No visit to Paris would be complete without a visit to Pierre Herme Patisserie. I had a chance to sample a few pieces from his Desirs collection. The Emotion is a layered dessert sold in a glass that I'm particularly fond of. On the left is the Emotion Orientale containing layers of pain d'epices creme brulee, soft fruit and dates cooked in tea, and lemon gelee. The tea lends a very pleasant flavour to the dried fruit and it went well with the fragrant spices of the creme brulee. On the right is the Emotion Mahogany with layers of litchi compote, mango compote, coconut dacquoise, and caramel mascarpone cream. I really really enjoyed this dessert. Although I work with tropical fruit very often, I did not discover how well litchi and mango work together until I tasted this dessert.
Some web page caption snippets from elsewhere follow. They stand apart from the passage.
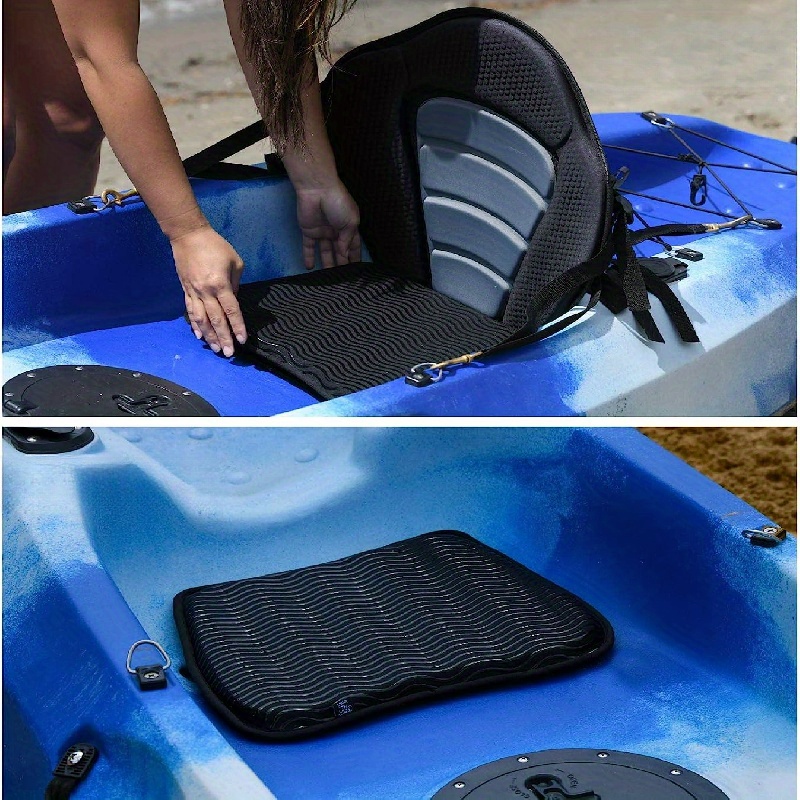 Kayak Cushion Inflatable Kayak Cushion Waterproof Gel Seat Cushion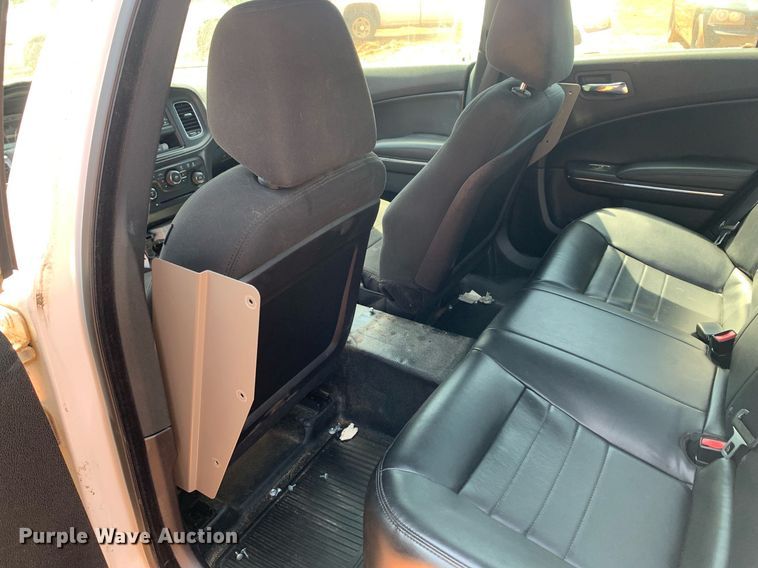 image for item DP8634 2013 Dodge Charger Police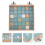 Plaque De Refroidissement Premium Pour Hamster En Bois 5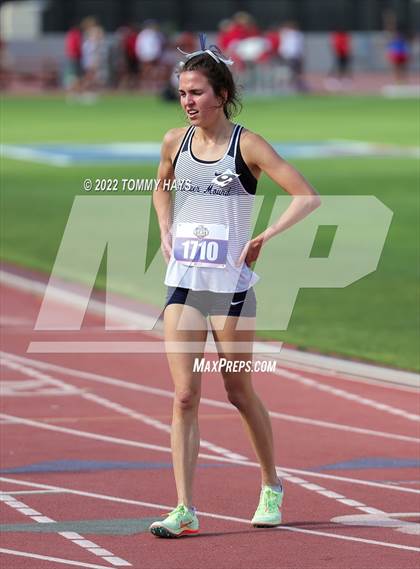 Thumbnail 2 in UIL 6A State Track Meet photogallery.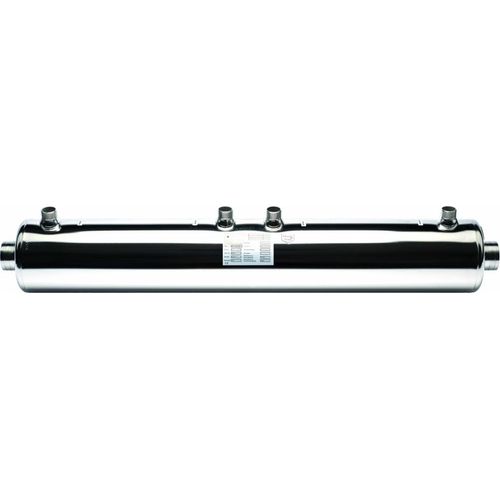 Wärmetauscher D-HWT 122 | 175 kW | V4A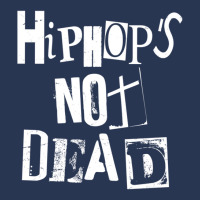 Hip Hop Is Not Dead - Vintage Grunge - Rap Hiphop Gangster 1 Men Denim Jacket | Artistshot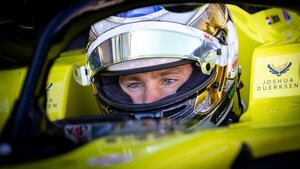 Joshua Duerksen volvió a sumar en el GP de Australia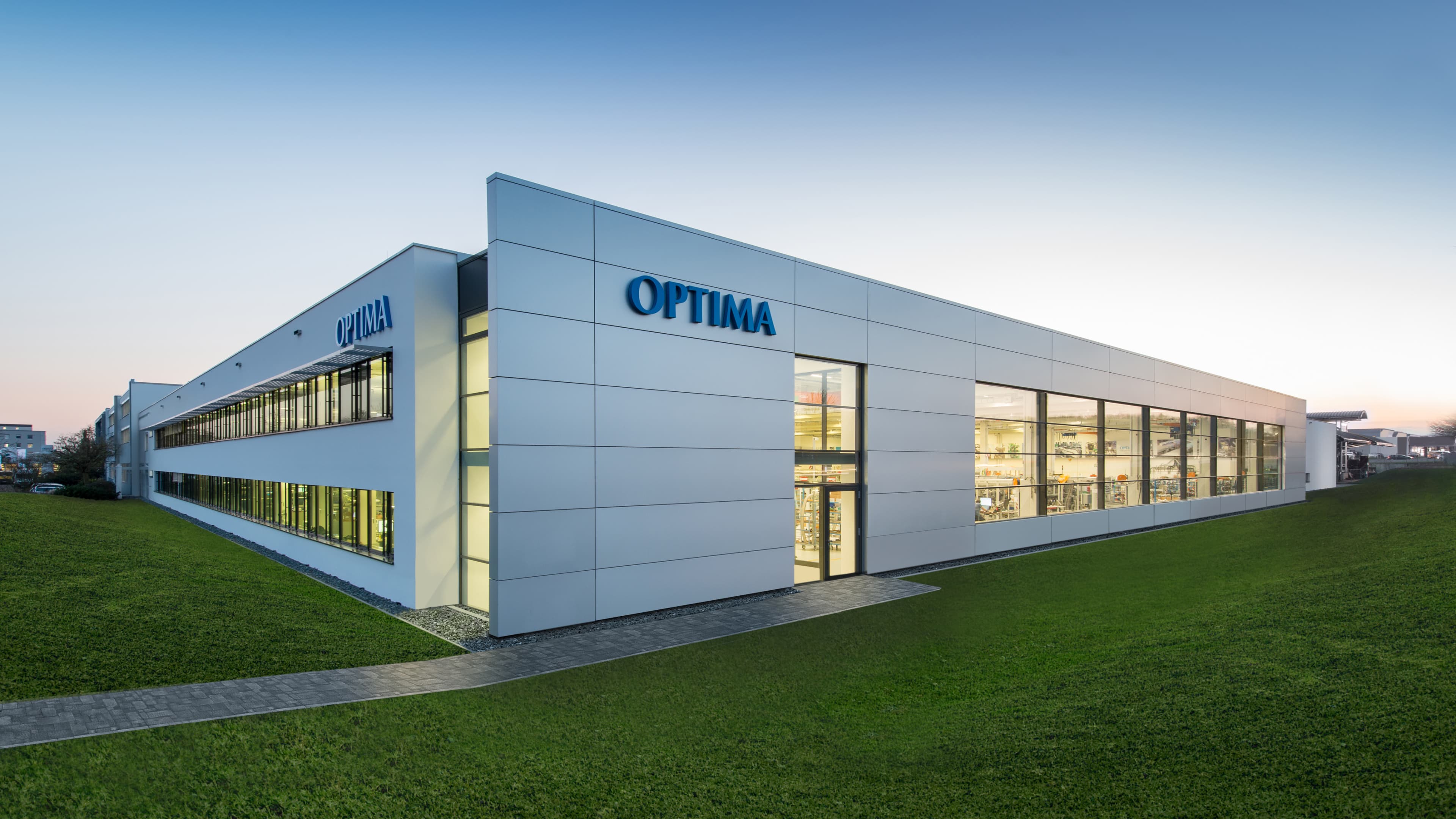Optima Pharma V Schwäbisch Hall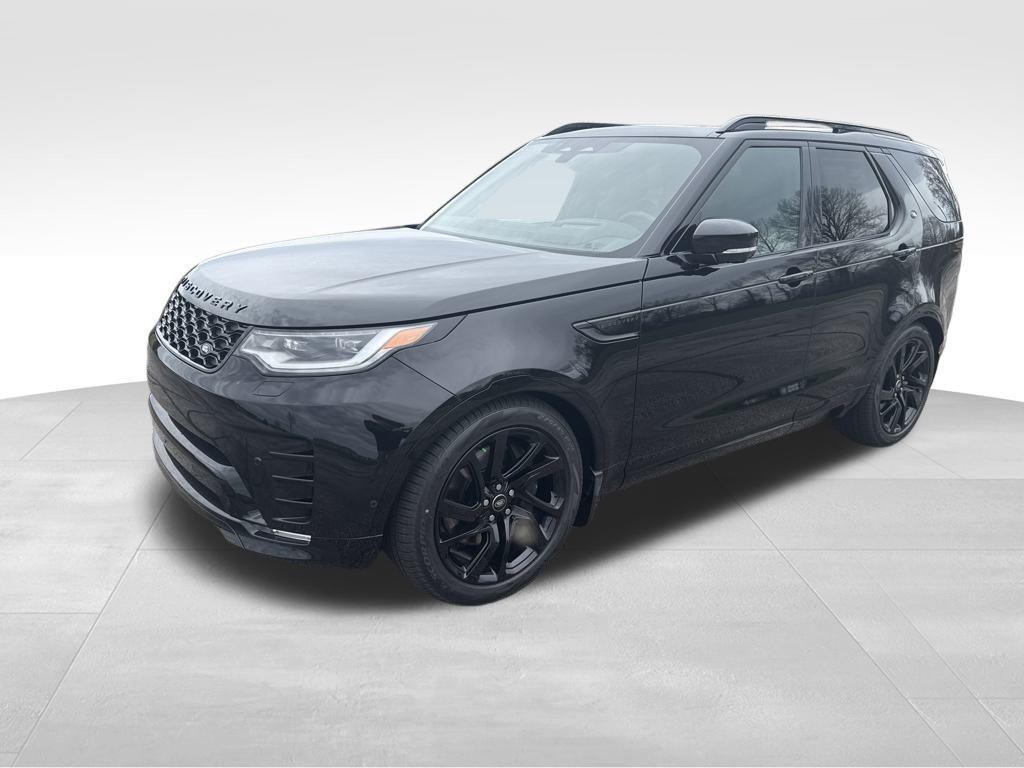 new 2025 Land Rover Discovery car, priced at $79,918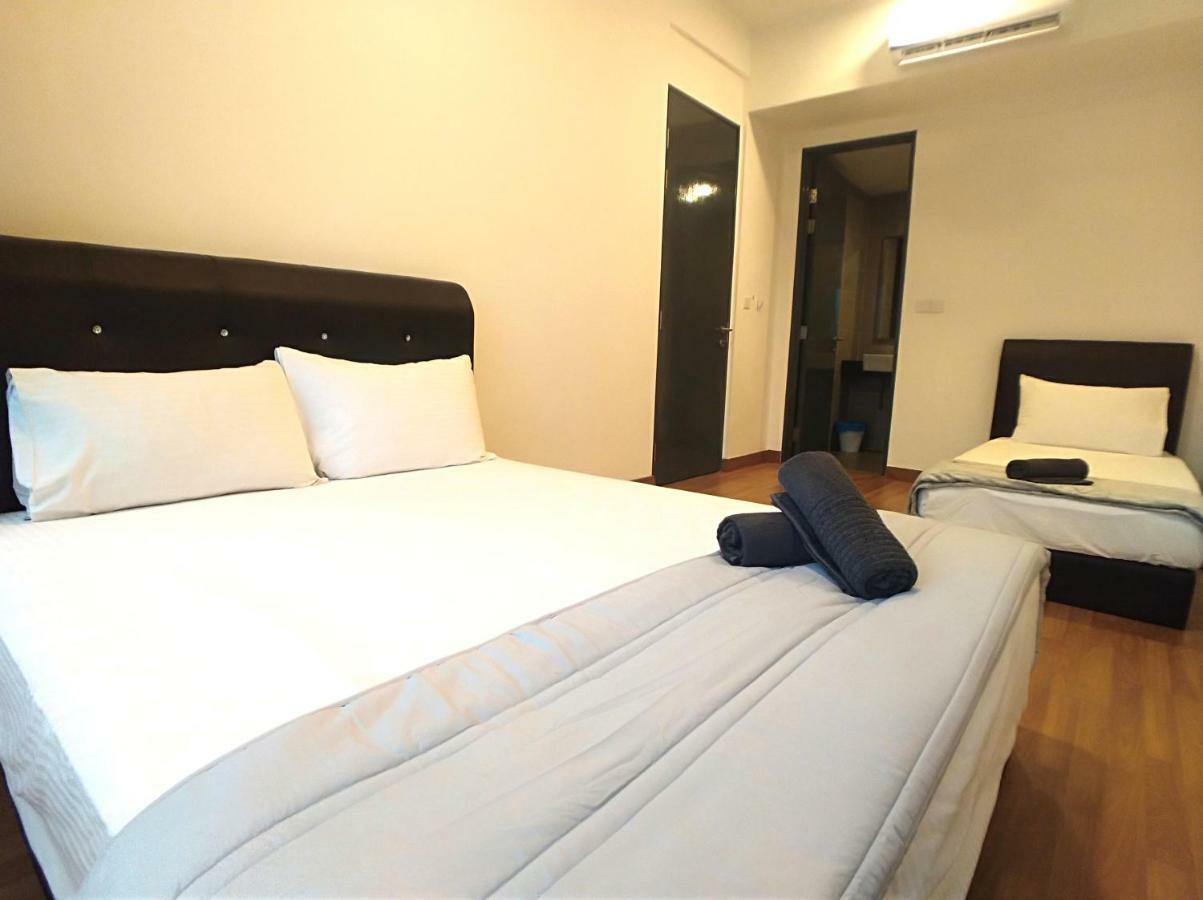 Georgetown City View Condo Tropicana 218 Macalister מראה חיצוני תמונה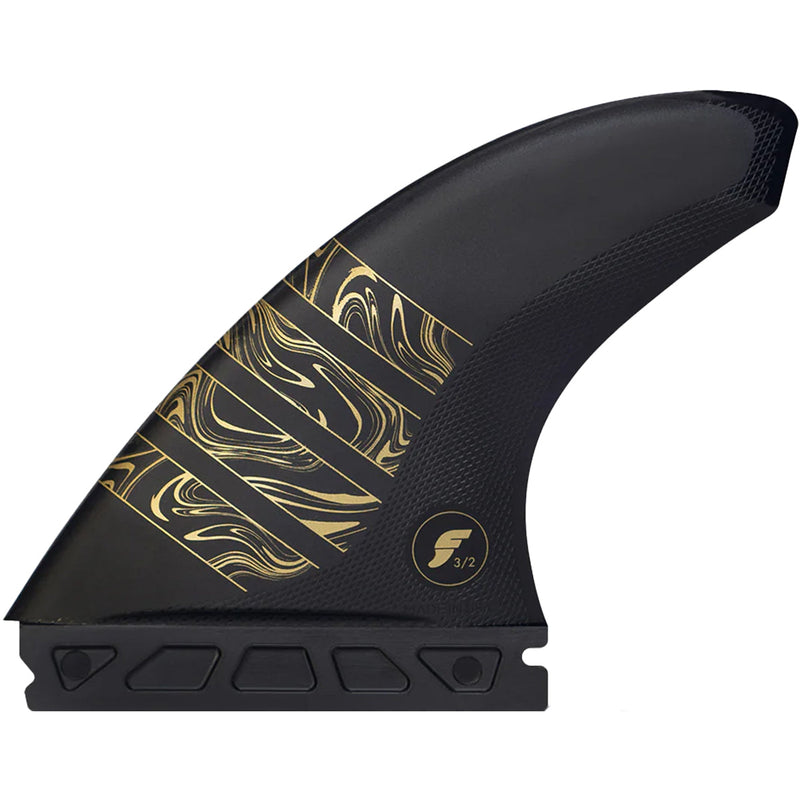 Load image into Gallery viewer, Futures Fins Vector 3/2 Alpha Tri-Quad Fin Set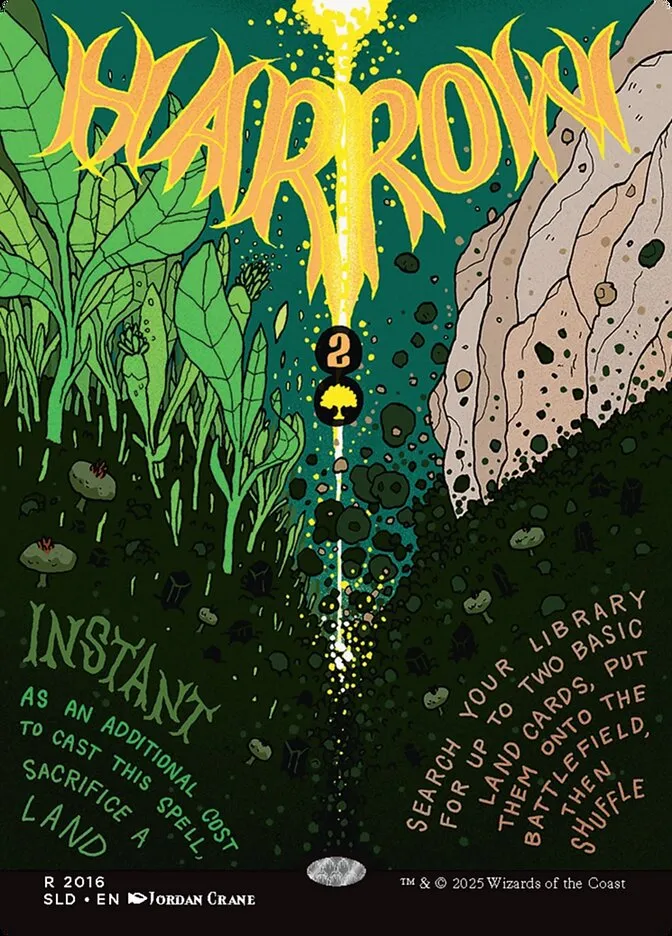 Harrow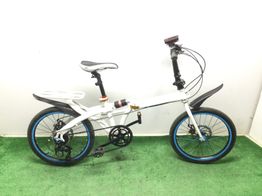 bicicleta plegable generico sin modelo
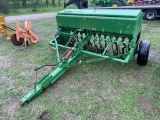 John Deere Sand Drill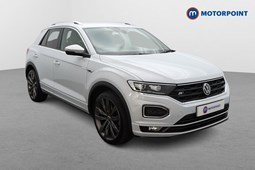 Volkswagen T-Roc SUV (17 on) R-Line 2.0 TDI 150PS 5d For Sale - Motorpoint Edinburgh, Portobello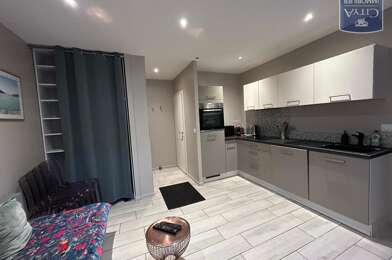 Appartement 2 pièces 790 €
The caramel also tied the flavour together very nicely. This dessert is very inspiring indeed...I'm already getting all sorts of ideas of using this flavour combination.
The third item I tried from the Desirs collection is Instant, the teardrop shaped chocolate dessert shown on the right. Inside it's shell of dark chocolate, I found Earl-Grey tea gelee, tea-flavoured ganache, chocolate mousse, and soft chocolate biscuit. I did not enjoy this very much, possibly because I had it too cold. The tempered chocolate shell was very hard and so was the mousse. The flavour was rather muted and the texture was just all wrong to me. From the signature collection, I tried the Desire. It was a sable breton base, lemon cream, strawberry & banana compote, soft lemon biscuit, and fresh wild strawberries. It was a very refreshing taste of lilting lemon and fruity strawberry. I wish I had this at the height of the strawberry season. The remaining item in the picture was a bombe de marroon from Rollet Pradier. It was a fondant covered cake with chestnut mousse and genoise filling. It was a little anti-climatic after the much more complicate Pierre Herme desserts.
So this wraps up my brief stay in Paris this year. I'm looking forward to coming home.